Paul seeks to do justice to the old dispensation of the law as a guide; he seeks to explain the impact of the new dispensation marked by faith and freedom. Out of this wrestling, there emerges a new vision. Being in Christ makes us all children of God. We have been called by name and our identities are grounded in God: we too have been baptised into Christ.
We are also clothed with Christ. We have been called into a relationship with God which extends his mercy, grace and forgiveness to us; we are to literally put this on, as outward vesture which shapes our thinking and speaking and acting. We are to be true to Christ.
That is a challenge to us as a Church – as we live and worship and work. We are one in Christ that there is no longer Jew/Greek, slave/free, male/female. All the other marks of our social and economic status, all that makes us who we are, have been relocated in Christ. In baptism we become united with one another in one body, offspring of one family. It is not that our difference and disagreement evaporate; it is that they are channelled to a common purpose; reshaped by God’s love. All of you are one in Christ Jesus. It is a thrilling and compelling vision; but it is also a demanding calling.
However marred within the reality of our own lives, the vision is fresh full of capacity to amaze and challenge. Look around you: these are the people with whom God has placed us; the people whose experience and ideas will provoke and challenge us; the people with whom we are one. If we were just another human federation, committed to being true to ourselves and our beliefs, committed to community and service, we might wonder how on earth we are to get there. However, week by week our hearts and minds are changed by sharing in this gift of the Eucharist.
The Eucharist is a foretaste of what is to come; a heavenly banquet, a kingdom where God is all in all. Yet the Eucharist as well as being a place of abundance; here we find forgiveness. We are one because we share in broken bread and outpoured wine. We lay down our regrets and betrayals. We receive God’s gifts of forgiveness, grace and healing in order that we might be one.
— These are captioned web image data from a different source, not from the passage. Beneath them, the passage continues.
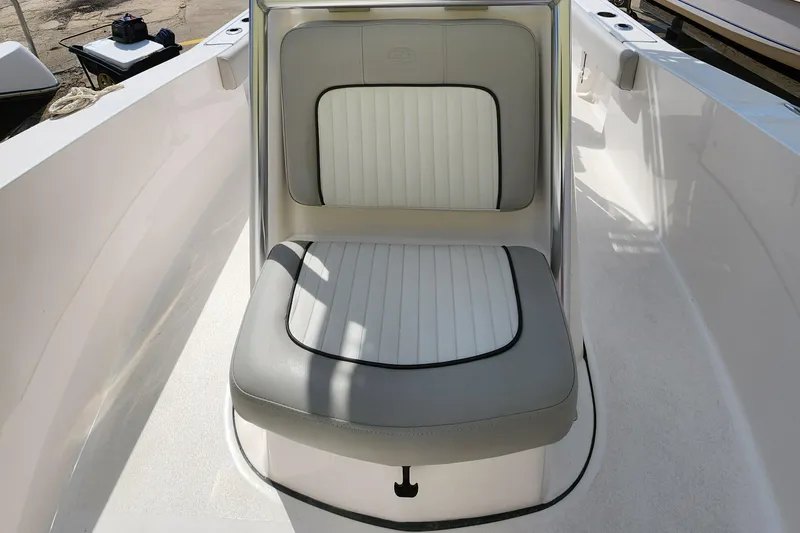 Slide: The Image of 2022 Sea Fox 206 Commander boat seat with white and gray upholstery. - 23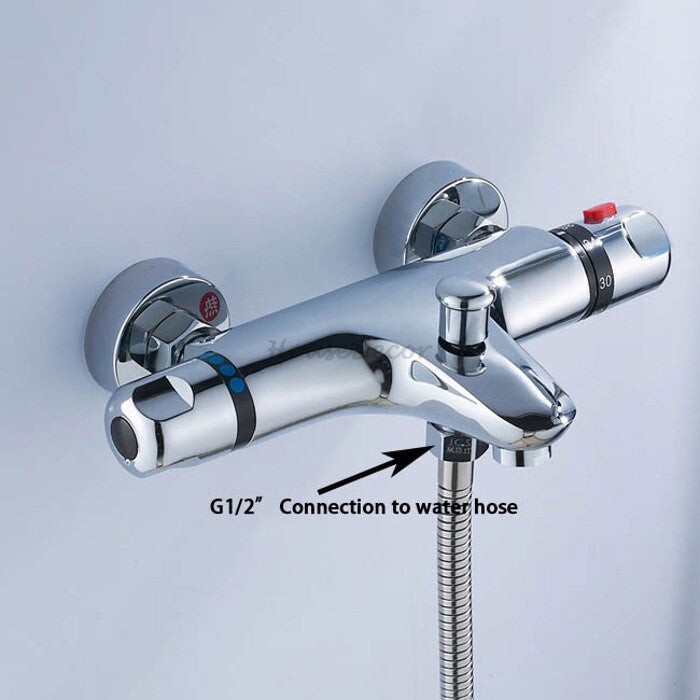 Modern bath shower mixer tap thermostatic control detail view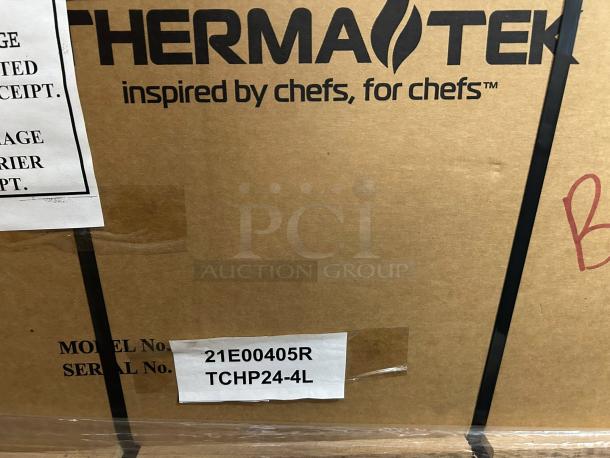 Brand new Therma-Tek TCHP24-4 gas hotplate in original packaging, labeled with model and serial numbers.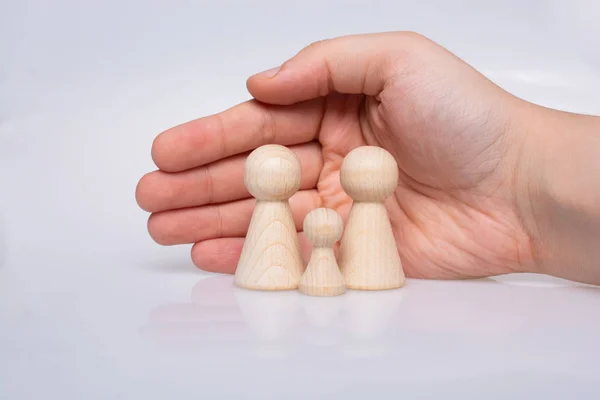 Hand protecting wooden figurines of people as family concept — 图库照片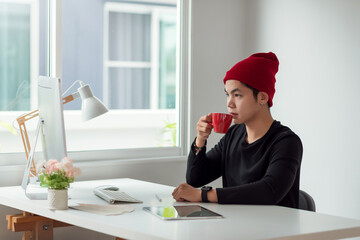 Young designer asian man drinking coffee, analyzing data looking at computer screen at office.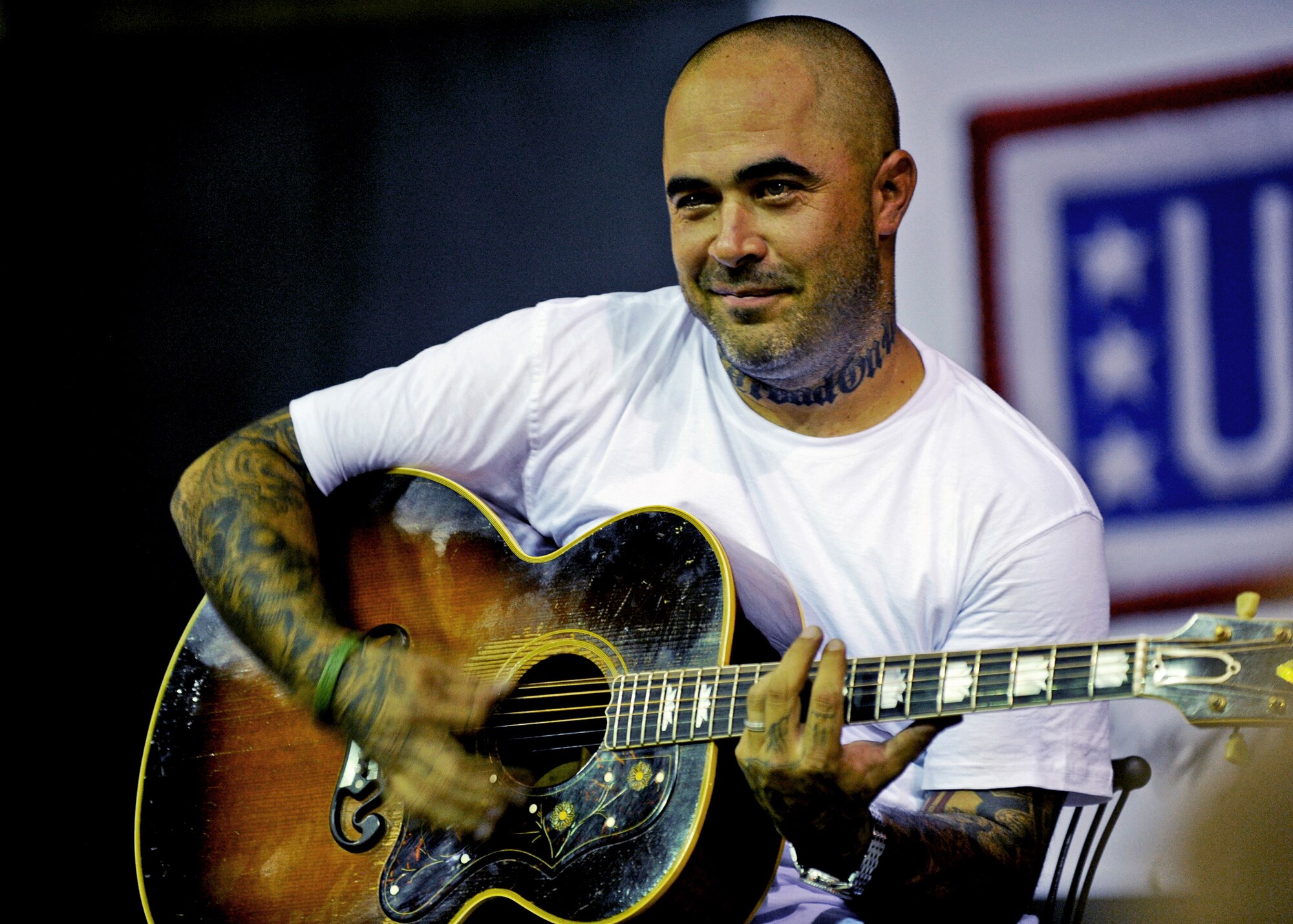 SOUTHWEST ASIA - Aaron Lewis, lead vocalist and rhythm guitarist for the rock group Staind, performs for U.S. troops during a United Service Organizations tour at an undisclosed base in Southwest Asia on Sep. 28, 2010. USO is a private, nonprofit organization that provides morale and recreational services to members of the U.S. military, with programs in 140 centers worldwide. (U.S. Air Force photo by Senior Airman Laura Turner)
The kind of love we have in Christ is messy, fragile and generous. The kind of love we have in his body is deeply personal, yet universal. It is complex; yet we are formed and reformed. All that we have and all that we are is taken up in Christ.
We like the man restored to health of body and mind, sit together attending to the love and mercy of God; yet we like him are called to walk as disciples of Christ in the world. We are to take up our daily tasks, our involvement in our community; we are to do our work; live our relationships within a new frame of reference. We are reshaped by the bond of love and peace. We are to be true to ourselves as a new creation in Christ; rather than being true to the selves we construct.
Along with your Rector and PCC, you will be looking outwards into Farnham: discerning where God is at work ahead of you; identifying the challenges of your community – how you can support, encourage and celebrate all that is happening here. Go, declare how much God has done for you; go, as those whose lives are reformed in Christ; go as people facing fear with love.